_YOUR INSTRUCTIONS_
Each line from the one holding "BALMAIN 26S LACE" through the final line of the data below is to be given again exactly, and no other line is to appear.

---------- DATA RECORDS

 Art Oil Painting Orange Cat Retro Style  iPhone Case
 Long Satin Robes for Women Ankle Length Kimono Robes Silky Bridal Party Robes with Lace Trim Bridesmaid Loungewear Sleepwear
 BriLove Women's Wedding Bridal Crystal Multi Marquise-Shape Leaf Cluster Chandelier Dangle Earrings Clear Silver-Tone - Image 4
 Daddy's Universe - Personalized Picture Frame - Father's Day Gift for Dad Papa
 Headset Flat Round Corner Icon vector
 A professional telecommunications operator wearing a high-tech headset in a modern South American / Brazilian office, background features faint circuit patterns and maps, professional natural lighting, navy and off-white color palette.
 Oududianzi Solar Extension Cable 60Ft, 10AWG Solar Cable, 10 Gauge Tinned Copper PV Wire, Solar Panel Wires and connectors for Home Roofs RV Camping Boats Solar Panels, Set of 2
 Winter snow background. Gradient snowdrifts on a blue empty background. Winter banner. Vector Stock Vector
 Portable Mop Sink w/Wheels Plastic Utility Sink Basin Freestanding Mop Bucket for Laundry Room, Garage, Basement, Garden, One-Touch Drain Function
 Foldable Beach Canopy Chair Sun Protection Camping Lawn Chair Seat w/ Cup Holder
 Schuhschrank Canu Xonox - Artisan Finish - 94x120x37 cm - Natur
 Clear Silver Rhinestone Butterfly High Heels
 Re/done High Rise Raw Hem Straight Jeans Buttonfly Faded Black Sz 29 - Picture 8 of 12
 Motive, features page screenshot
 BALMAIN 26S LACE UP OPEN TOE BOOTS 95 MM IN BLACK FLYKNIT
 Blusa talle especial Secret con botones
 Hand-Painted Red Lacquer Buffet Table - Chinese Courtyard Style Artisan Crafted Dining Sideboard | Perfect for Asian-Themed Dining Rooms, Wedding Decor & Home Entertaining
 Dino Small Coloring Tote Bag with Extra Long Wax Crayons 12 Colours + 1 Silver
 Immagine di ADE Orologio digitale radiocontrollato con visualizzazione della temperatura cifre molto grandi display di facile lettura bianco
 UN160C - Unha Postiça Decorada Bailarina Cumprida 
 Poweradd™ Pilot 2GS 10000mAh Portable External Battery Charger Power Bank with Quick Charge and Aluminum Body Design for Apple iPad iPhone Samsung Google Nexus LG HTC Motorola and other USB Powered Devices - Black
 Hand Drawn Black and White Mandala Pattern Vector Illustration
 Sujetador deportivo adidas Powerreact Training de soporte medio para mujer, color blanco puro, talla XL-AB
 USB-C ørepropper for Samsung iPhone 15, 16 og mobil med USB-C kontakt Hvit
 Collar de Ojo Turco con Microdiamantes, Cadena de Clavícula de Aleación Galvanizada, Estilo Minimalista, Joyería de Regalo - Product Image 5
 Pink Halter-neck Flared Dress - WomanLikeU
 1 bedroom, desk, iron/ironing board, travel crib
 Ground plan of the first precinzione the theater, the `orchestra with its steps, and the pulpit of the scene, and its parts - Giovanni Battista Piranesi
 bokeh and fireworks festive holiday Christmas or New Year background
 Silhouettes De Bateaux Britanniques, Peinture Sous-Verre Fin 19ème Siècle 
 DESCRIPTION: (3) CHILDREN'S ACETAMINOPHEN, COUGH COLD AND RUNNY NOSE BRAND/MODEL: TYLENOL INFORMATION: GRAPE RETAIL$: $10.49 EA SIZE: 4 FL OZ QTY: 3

--------------------

_ANSWER TO THIS TASK_
 BALMAIN 26S LACE UP OPEN TOE BOOTS 95 MM IN BLACK FLYKNIT
 Blusa talle especial Secret con botones
 Hand-Painted Red Lacquer Buffet Table - Chinese Courtyard Style Artisan Crafted Dining Sideboard | Perfect for Asian-Themed Dining Rooms, Wedding Decor & Home Entertaining
 Dino Small Coloring Tote Bag with Extra Long Wax Crayons 12 Colours + 1 Silver
 Immagine di ADE Orologio digitale radiocontrollato con visualizzazione della temperatura cifre molto grandi display di facile lettura bianco
 UN160C - Unha Postiça Decorada Bailarina Cumprida 
 Poweradd™ Pilot 2GS 10000mAh Portable External Battery Charger Power Bank with Quick Charge and Aluminum Body Design for Apple iPad iPhone Samsung Google Nexus LG HTC Motorola and other USB Powered Devices - Black
 Hand Drawn Black and White Mandala Pattern Vector Illustration
 Sujetador deportivo adidas Powerreact Training de soporte medio para mujer, color blanco puro, talla XL-AB
 USB-C ørepropper for Samsung iPhone 15, 16 og mobil med USB-C kontakt Hvit
 Collar de Ojo Turco con Microdiamantes, Cadena de Clavícula de Aleación Galvanizada, Estilo Minimalista, Joyería de Regalo - Product Image 5
 Pink Halter-neck Flared Dress - WomanLikeU
 1 bedroom, desk, iron/ironing board, travel crib
 Ground plan of the first precinzione the theater, the `orchestra with its steps, and the pulpit of the scene, and its parts - Giovanni Battista Piranesi
 bokeh and fireworks festive holiday Christmas or New Year background
 Silhouettes De Bateaux Britanniques, Peinture Sous-Verre Fin 19ème Siècle 
 DESCRIPTION: (3) CHILDREN'S ACETAMINOPHEN, COUGH COLD AND RUNNY NOSE BRAND/MODEL: TYLENOL INFORMATION: GRAPE RETAIL$: $10.49 EA SIZE: 4 FL OZ QTY: 3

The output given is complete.